Task objective
Write out again, please, the records below from the first line to the line holding "Welcome MECI 102", inclusive, and nothing else.

^^^^^^^^^^^^^^^^

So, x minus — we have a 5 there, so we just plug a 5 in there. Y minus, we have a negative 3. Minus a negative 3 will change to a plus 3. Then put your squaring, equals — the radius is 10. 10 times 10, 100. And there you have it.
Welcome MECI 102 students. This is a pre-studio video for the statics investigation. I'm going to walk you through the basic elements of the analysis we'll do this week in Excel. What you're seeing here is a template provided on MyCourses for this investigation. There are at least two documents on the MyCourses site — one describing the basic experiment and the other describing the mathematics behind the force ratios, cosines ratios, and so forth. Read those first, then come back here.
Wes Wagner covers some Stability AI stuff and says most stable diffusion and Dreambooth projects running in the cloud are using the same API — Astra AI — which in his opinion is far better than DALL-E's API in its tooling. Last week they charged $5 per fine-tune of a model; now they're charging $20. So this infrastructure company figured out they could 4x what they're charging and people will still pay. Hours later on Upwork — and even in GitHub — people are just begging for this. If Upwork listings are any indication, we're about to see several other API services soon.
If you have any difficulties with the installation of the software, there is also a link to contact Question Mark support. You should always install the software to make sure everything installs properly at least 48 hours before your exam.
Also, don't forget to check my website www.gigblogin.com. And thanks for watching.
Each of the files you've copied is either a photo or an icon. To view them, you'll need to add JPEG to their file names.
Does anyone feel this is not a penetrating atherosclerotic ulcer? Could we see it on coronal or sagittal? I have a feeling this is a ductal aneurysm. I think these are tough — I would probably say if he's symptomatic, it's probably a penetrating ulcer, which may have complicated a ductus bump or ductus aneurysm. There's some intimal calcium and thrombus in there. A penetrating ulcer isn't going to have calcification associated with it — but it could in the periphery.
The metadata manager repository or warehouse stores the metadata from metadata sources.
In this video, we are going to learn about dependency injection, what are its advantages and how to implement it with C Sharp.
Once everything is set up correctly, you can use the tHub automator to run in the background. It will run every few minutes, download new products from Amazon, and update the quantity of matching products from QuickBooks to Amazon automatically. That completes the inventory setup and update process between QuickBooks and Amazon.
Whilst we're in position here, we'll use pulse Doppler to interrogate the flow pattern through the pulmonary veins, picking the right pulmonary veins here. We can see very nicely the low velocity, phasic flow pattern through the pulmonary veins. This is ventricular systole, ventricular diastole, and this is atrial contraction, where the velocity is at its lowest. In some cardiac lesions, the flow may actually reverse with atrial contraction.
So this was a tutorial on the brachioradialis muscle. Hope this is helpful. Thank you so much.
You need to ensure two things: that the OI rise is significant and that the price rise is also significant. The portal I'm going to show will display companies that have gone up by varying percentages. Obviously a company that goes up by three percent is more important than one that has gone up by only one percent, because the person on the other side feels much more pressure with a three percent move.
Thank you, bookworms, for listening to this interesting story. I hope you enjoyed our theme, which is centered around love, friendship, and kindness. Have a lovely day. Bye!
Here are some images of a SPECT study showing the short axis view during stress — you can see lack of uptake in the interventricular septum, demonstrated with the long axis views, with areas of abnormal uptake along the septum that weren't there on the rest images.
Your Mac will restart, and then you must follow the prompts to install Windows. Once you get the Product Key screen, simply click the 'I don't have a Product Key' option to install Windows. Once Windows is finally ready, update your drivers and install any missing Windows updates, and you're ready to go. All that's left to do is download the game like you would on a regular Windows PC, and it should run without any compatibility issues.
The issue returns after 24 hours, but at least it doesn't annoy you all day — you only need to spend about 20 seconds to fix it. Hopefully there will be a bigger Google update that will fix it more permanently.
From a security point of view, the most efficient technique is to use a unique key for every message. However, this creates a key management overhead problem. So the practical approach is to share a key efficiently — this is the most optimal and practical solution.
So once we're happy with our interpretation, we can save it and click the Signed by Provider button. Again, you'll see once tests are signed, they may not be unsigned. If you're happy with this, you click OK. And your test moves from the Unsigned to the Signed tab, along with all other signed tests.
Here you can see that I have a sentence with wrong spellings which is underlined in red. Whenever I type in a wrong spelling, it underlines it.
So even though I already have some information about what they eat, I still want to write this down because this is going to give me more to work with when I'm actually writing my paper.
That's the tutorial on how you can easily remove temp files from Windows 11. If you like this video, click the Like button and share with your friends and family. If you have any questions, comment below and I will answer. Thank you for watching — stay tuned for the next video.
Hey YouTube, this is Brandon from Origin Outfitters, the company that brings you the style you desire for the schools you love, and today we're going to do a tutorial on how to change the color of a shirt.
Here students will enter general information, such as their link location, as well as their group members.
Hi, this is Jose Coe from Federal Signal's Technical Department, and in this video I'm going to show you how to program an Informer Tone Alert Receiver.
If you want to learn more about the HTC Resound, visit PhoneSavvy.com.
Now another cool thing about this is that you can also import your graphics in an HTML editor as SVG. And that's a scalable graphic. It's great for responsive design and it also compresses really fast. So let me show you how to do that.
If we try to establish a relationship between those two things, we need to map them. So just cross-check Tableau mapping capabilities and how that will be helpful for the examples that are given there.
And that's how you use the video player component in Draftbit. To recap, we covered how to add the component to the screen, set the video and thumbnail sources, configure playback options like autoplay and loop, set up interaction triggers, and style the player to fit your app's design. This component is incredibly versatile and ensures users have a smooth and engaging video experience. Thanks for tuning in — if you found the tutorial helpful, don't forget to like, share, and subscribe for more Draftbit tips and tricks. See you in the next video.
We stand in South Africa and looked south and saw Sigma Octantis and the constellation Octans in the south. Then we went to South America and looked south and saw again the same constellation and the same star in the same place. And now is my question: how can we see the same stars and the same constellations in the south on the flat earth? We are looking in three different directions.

^^^^^^^^^^^^^^^^

Exercise result
So, x minus — we have a 5 there, so we just plug a 5 in there. Y minus, we have a negative 3. Minus a negative 3 will change to a plus 3. Then put your squaring, equals — the radius is 10. 10 times 10, 100. And there you have it.
Welcome MECI 102 students. This is a pre-studio video for the statics investigation. I'm going to walk you through the basic elements of the analysis we'll do this week in Excel. What you're seeing here is a template provided on MyCourses for this investigation. There are at least two documents on the MyCourses site — one describing the basic experiment and the other describing the mathematics behind the force ratios, cosines ratios, and so forth. Read those first, then come back here.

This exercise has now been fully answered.